With these observations, the High Court confirmed the conviction and sentence on Sher Singh and Bhupinder Singh while acquitting Mukhtiar Kaur.

The present appeal is only by Bhupinder Singh. Before embarking on the validity of the main submission made in this appeal, we may first dispose of one other contention urged for the appellant. Mr. R.N. Kohli, learned counsel for the appellant submitted that it is not enough for the chemical examiner merely to state in his report that the organo phosphorus compound was present in the substance sent to him for examination. He should have also stated that a lethal dose of the organo phosphorus compound was detected in the substance sent to him. His report should be full and complete to take the place of evidence which he would have given if he were called to Court as witness. In the absence of such particulars, the death by 416

poisoning cannot be inferred. In support of this contention, learned counsel relied upon two decisions of the Allahabad High Court viz. (i) Mt. Gajrani and Anr. v. Emperor, [A.I.R. 1933 Allahabad 394] and (ii) State v. Fateh Bahadur & Ors., [A.I.R. 1958, Allahabad 1]. In the first case, it was observed that it was not enough for the chemical examiner merely to state his opinion. He must also state the grounds which formed the basis of his opinion. The second case was a case of death by arsenic poisoning. The chemical examiner did not state the quantity of arsenic poison found in the viscera of the deceased. He did not state whether it was a fatal dose or not. The High Court pointed out that it would be of the utmost importance before a Court could find any individual guilty of murder by arsenic poison that its complete analysis should be made. It is not enough to state that arsenic was detected in the body of the deceased.

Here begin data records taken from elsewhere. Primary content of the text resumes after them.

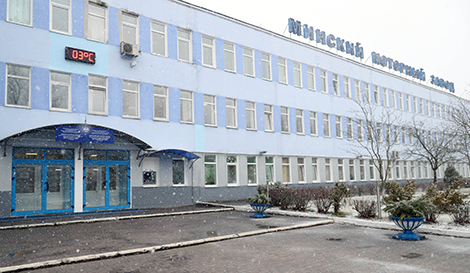 Рост экспорта и новые проекты - как сработал ММЗ в условиях пандемии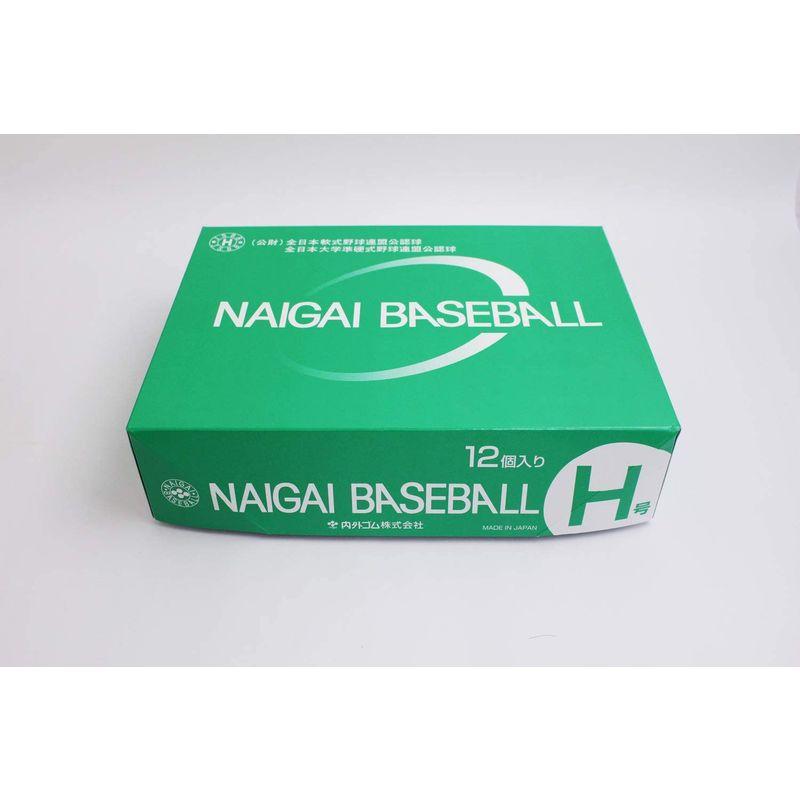 準硬式野球ボール ナイガイ H号 12球 (1ダース) ナイガイ H号 12球 1ダース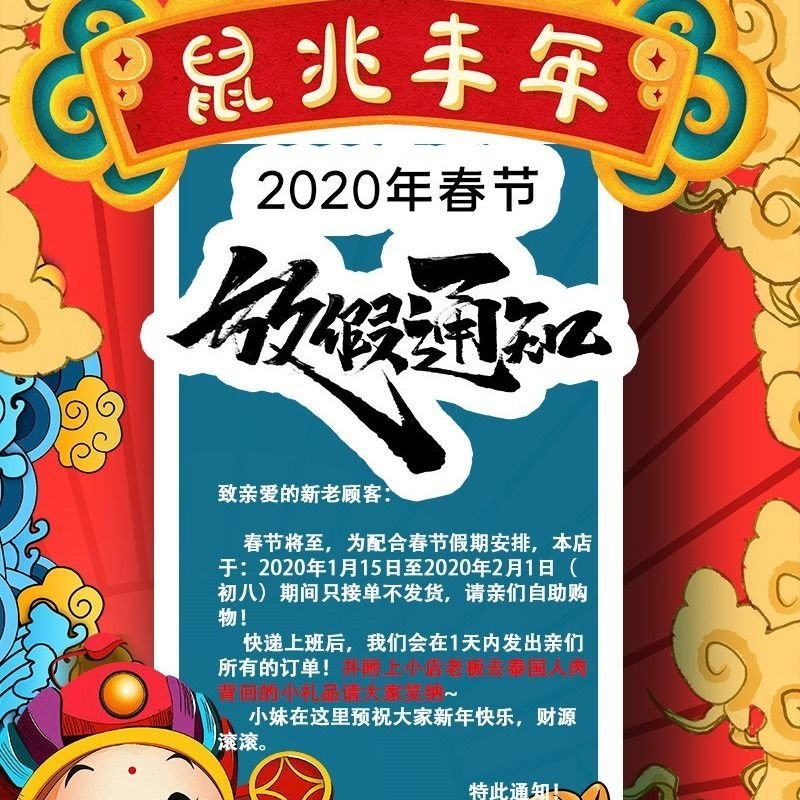 羊杂汤内蒙古羊肉汤半成品食品即食羊杂整套羊杂碎肉类熟食下酒菜 原味5包Z16O4Q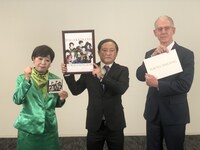 和楽器バンド「TOKYO SINGING」CM出演者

In our opinion, these observations cannot be taken as a rigid statement of law. (No hard and fast rule can be laid down as regards the value to be attached to the report of the chemical examiner. Section 293 of the Code of Criminal Procedure provides that the report ofscientific experts may be used as evidence in any inquiry, trial or other proceedings of the court. The chemical examiner does not, as a rule, give an opinion as to the cause of death but merely gives report of the chemical examination of the substance sent to him. The report by itself is not crucial. It is a piece of evidence. The only protection to it is that it does not require any formal proof. It is, however, open to the Court if it thinks fit to call the chemical examiner and examine him as to the subject matter of the report. The report should normally be forwarded to the Doctor who conducted the autopsy. In the instant case, that was done. The Doctor who conducted the autopsy was given a copy of the report of the chemical examiner. The Doctor in the light of the report gave his opinion that the death of Gian Kaur was by poisoning i.e. organo phosphorus compound. The report of the chemical examiner coupled with the opinion of the Doctor is, therefore, sufficient to hold that it was a death by poisoning.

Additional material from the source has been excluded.